Put this into action

Turn this guide into better conversations with Articuler

Use this guide as the research layer, then turn the next step into a live networking workflow: search by intent, prep for the conversation, and send outreach that is built for replies.

Try the Articuler workflow

A cover letter addressed to a real person reads differently than one that opens with "To Whom It May Concern." The first signals you did your homework. The second signals you sent the same letter to forty companies.

Here is the short version: find the hiring manager's name, open with "Dear Mr./Ms. [Last Name]," and if you genuinely can't find a name after a real search, use "Dear Hiring Manager," — never "To Whom It May Concern" or "Dear Sir or Madam." Career centers at MIT, Tufts, and the University of Arizona all give the same advice.

This guide walks through how to find the name, exactly how to write the greeting, what to do when no name exists, a full example you can copy the structure of, and the mistakes that quietly sink otherwise good letters.

Why addressing the right person matters

The hiring manager is the person who actually owns the open role — usually the manager you'd report to, not a recruiter or an HR coordinator. They're the one who decides whether your application moves forward.

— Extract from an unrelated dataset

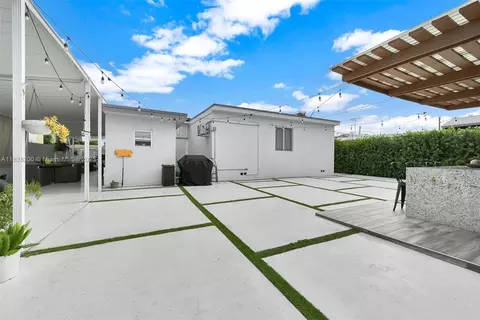 40 W 63rd St, Hialeah, FL 33012 photo 36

A generic greeting tells that person nothing. A named greeting tells them you treated this application as a real opportunity, not a number in a mass-apply spreadsheet. It's a small detail, but small details are what separate the top of the pile from the middle of it.

The catch: the name usually isn't handed to you. You have to go find it.

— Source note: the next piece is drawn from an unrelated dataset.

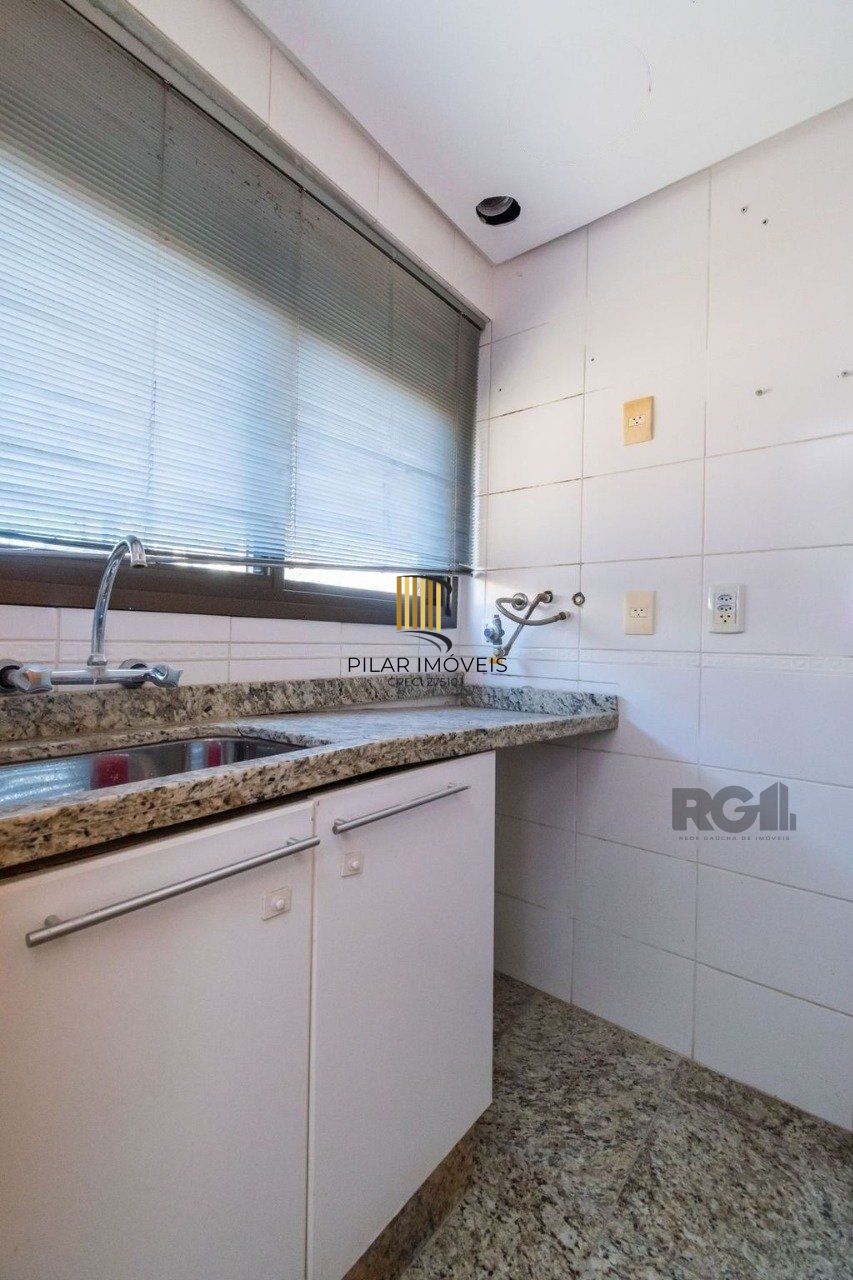 Duplex 3 dormitórios no bairro Mont Serrat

How to find the hiring manager's name

Work through these in order. Most of the time you'll have a name within ten minutes.

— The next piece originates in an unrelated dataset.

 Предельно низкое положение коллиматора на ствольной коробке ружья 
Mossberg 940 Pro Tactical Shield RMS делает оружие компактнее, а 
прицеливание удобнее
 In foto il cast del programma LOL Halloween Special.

1. Reread the job posting. This sounds obvious, but the name (or a reporting line like "reports to the Director of Engineering") is often buried in the description or the application email address. An address like j.okafor@company.com is a strong hint that the contact is someone with the initial J and surname Okafor.

2. Search the company on LinkedIn. Go to the company page, click People, and filter by title — "Engineering Manager," "Head of Marketing," "Talent Acquisition," whatever matches the role. The person hiring is usually the manager of the team you'd join. UT Austin's career services recommends naming the hiring manager whenever you can identify them.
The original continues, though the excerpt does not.